2.1.1. L’actualité politique et judiciaire : où en est le gouvernement Renzi ?
Où en est le gouvernement Renzi ?
Beaucoup se sont réjouis quand Matteo Renzi est devenu Président du Conseil italien le 22 février 2014, après avoir pris le pouvoir dans
le Parti Démocrate (PD) le 8 décembre 2013 ; il avait été auparavant Président de la Province de Florence en Toscane, puis maire de
Florence de 2009 à février 2014. Enfin, un homme jeune arrivait au pouvoir dans la gauche, il était manifestement intelligent, dynamique
et politiquement ambitieux ; il avait su éliminer les dirigeants les plus âgés du Parti Démocrate, dont Pier Luigi Bersani (1951- ) et même
ses contemporains, comme Enrico Letta (1966- ) ; il voulait changer le panorama politique italien, réformer un système qui ne fonctionnait
plus ; l’opinion publique espérait qu’il ferait des réformes véritables, et il se fait élire bientôt Secrétaire National du Parti Démocrate, se
proposant d’être le « rottamatore » des anciens dirigeants, de les « placardiser ». Cela plaît, il est souriant, grand communicateur, grand
comédien disent certains, et, comme il est florentin, on lui attribue des capacités politiques de « machiavel ». Il est né en 1975, il a donc
39 ans, le plus jeune Président du Conseil de toute l’histoire de la République. Va-t-on connaître un renouveau de la vie politique ? Où en
sommes-nous ?
La collaboration du PD avec le Centre-droit.
Dans son article de Il Fatto Quotidiano du 2 août 2015, Marco Travaglio, le Directeur du journal, rappelle que le Financial Times a écrit
que « le vent qui poussait Renzi s’est déjà affaibli ». Deux choses le confirmeraient, d’une part les sondages, d’autre part son échec
relatif aux dernières élections régionales : il pensait gagner les 7 régions où l’on votait ; il est vrai qu’il a gagné la Campanie, mais avec
un candidat tête de liste considéré comme inéligible parce que inculpé de diverses fraudes, abus d’autorité, etc., mais il a perdu la Ligurie
et n’a pas repris la Vénétie, et le Mouvement 5 Étoiles a atteint 24% en Ligurie et 21% dans les Marches, partout ailleurs de 11% à 18%,
devenant donc la seconde ou la troisième force politique nationale. Les sondages de juillet lui donnent 26% des préférences, contre 35%
à Renzi, mais loin devant les autres partis de droite, la Lega Nord de Salvini, 14% et Forza Italia de Berlusconi, 12%. La perspective en
cas d’élections législatives pourrait donc être un duel au second tour entre le PD et M5S.

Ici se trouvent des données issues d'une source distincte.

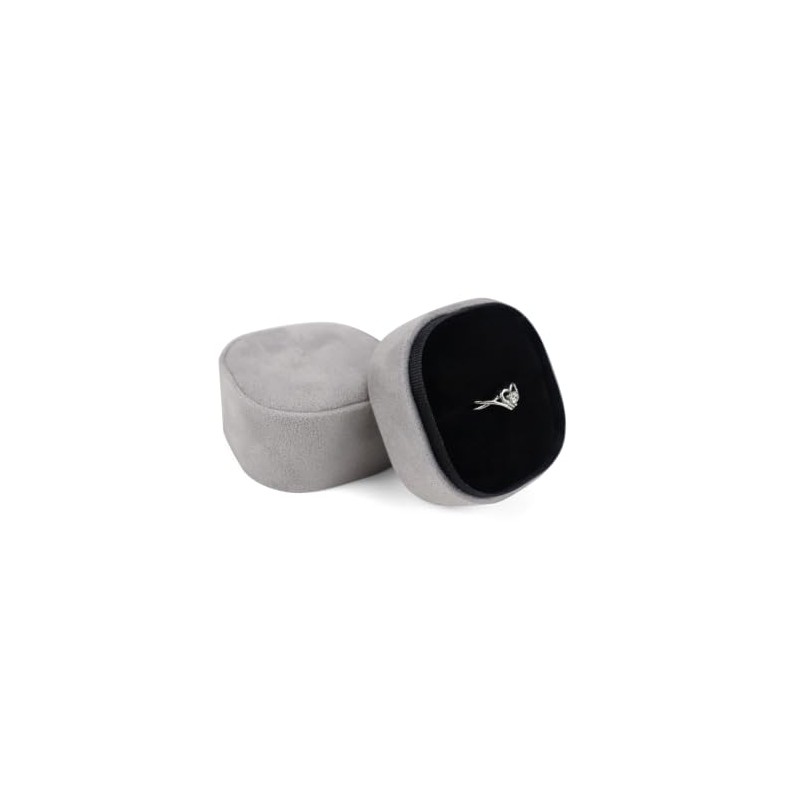 Velvet Ring Box, Mini Engagement Ring box with Detachable Lid,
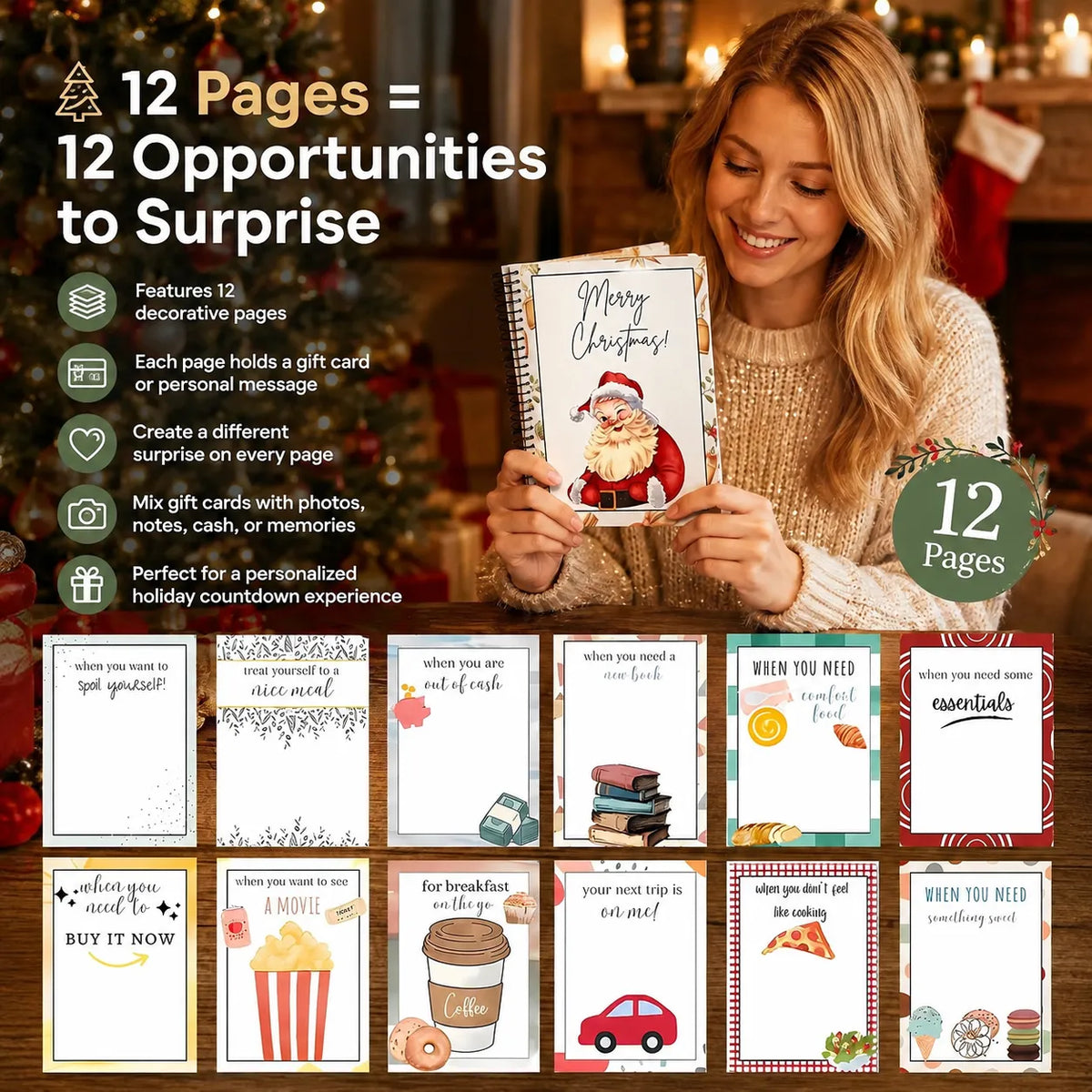 🎁 Don't Just Hand Over an Envelope! Turn Gift Cards into 12 Pages of Christmas Surprises! 🎄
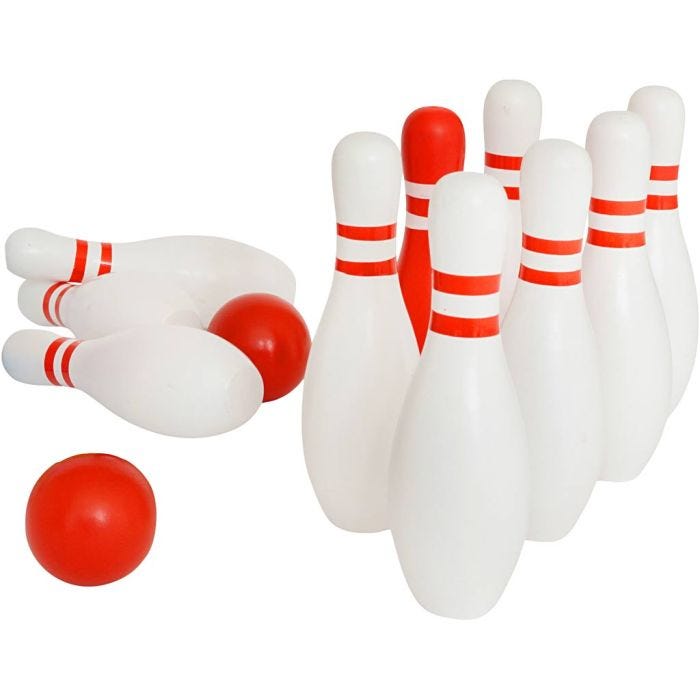 Bowling, H: 18 cm, 12 dele/ 1 pk.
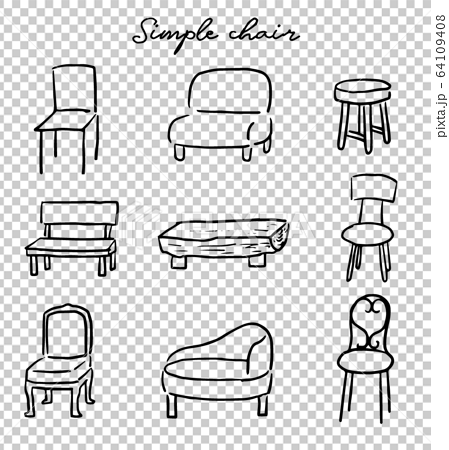 シンプルな手描き椅子イラスト 64109408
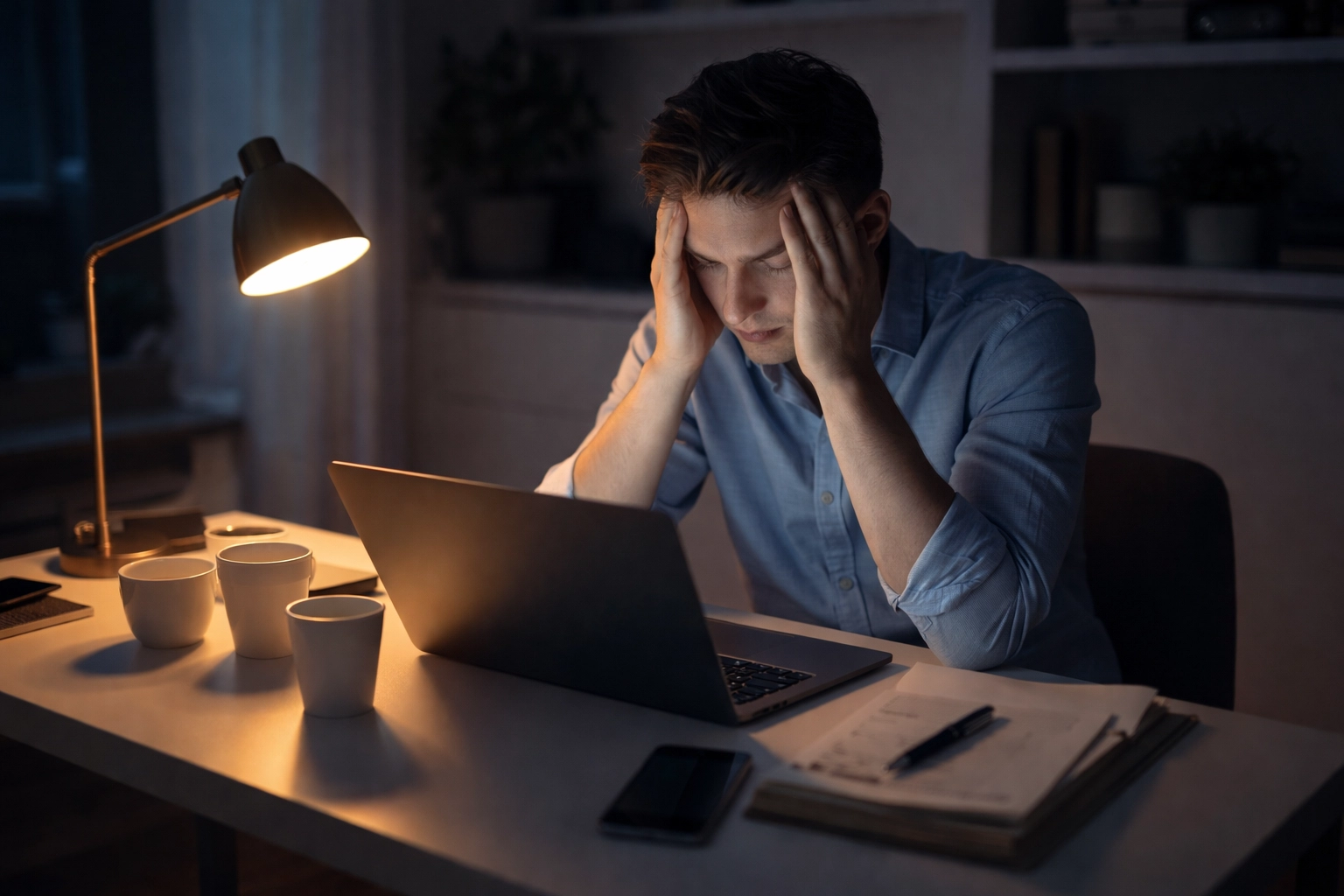 Lonely startup founder working late at night in a home office, illustrating founder mental health struggles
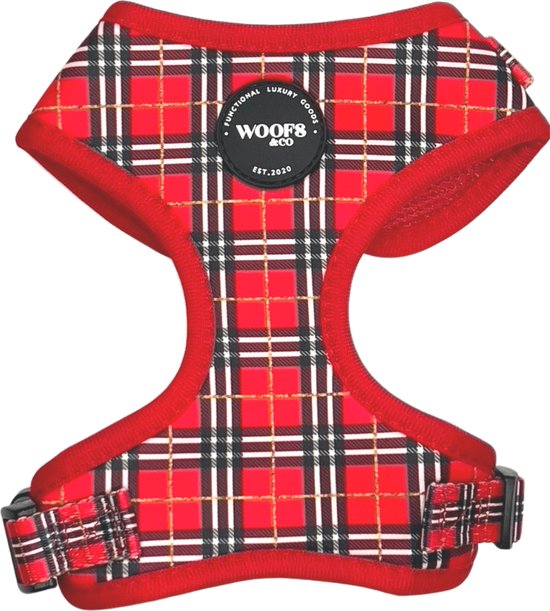 Foto: Woofs co hondentuigje tartan volledig verstelbaar bij hals en buik mesh voering maat xxs tuigje voor puppy of kleine hond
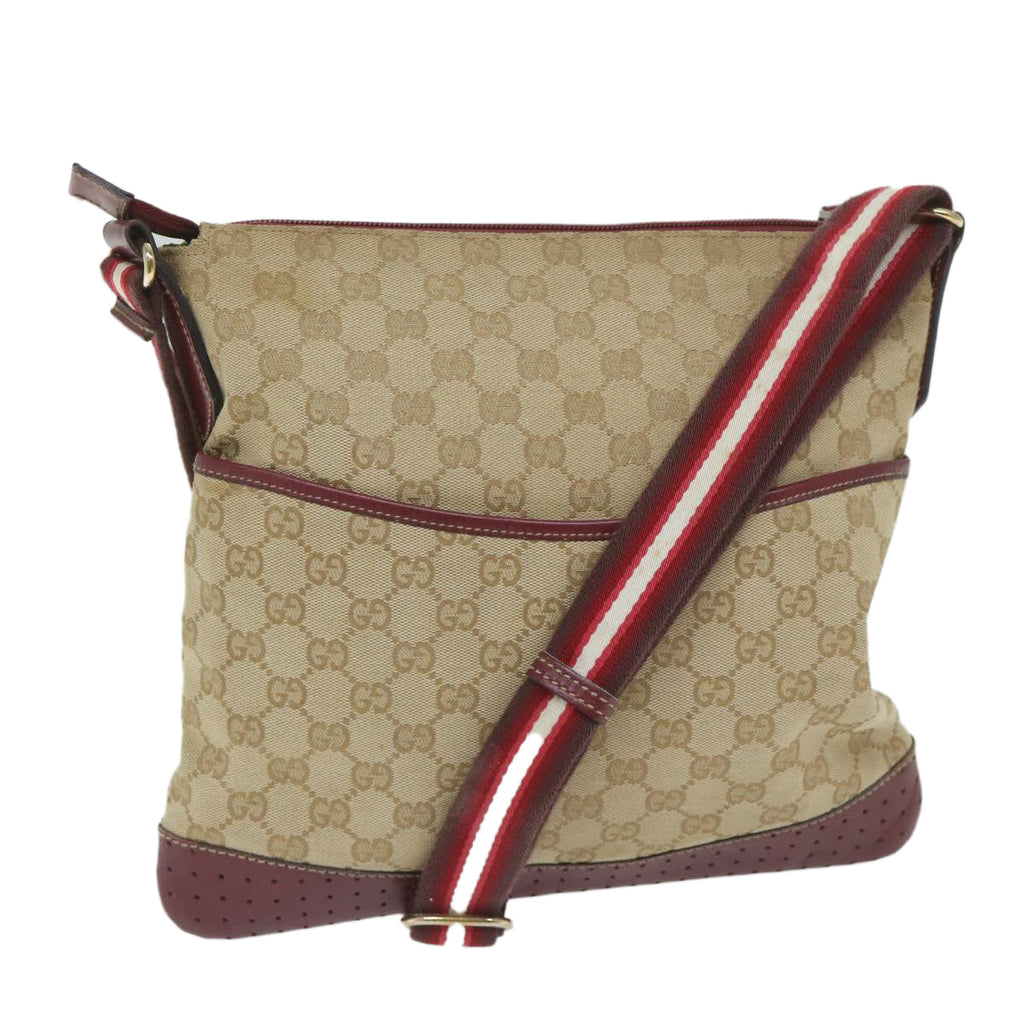GUCCI GG Canvas Sherry Line Shoulder Bag Beige Red 145857 60140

Renzi avait par ailleurs dans ses listes une dizaine de candidats « imprésentables » pour leur situation judiciaire : peu honorable lorsque
le Président de la République insiste sur les priorités du moment, la lutte contre la corruption et contre la fraude fiscale ! C’est ce qui avait
provoqué la polémique entre Renzi et Roberto Saviano, l’auteur de Gomorra, au moment des élections (Cf. Il Fatto Quotidiano du 7 mai
2015) : loin de faire la politique nouvelle promise par Renzi, dit Saviano, la liste De Luca montre que le P.D. continue la tradition
méridionale, échanger une voix contre un droit, une faveur ; en cela il ne se différencie pas du centre-droit de Nicola Cosentino, lié à la
camorra. Il est vrai que Renzi n’a pratiquement rien dit ni fait contre la mafia depuis le début de son ministère, ce n’est nullement un point
prioritaire de son programme.
Cela indique la réalité de sa politique : réformer en limitant les droits des syndicats et des travailleurs, et prendre des décisions qui ne
mécontentent pas le patronat et la droite modérée avec laquelle il a signé une alliance dès le départ en formant un gouvernement avec le
Nouveau Centre Droit (NCD) d’Angelino Alfano, scission minoritaire du parti de Berlusconi.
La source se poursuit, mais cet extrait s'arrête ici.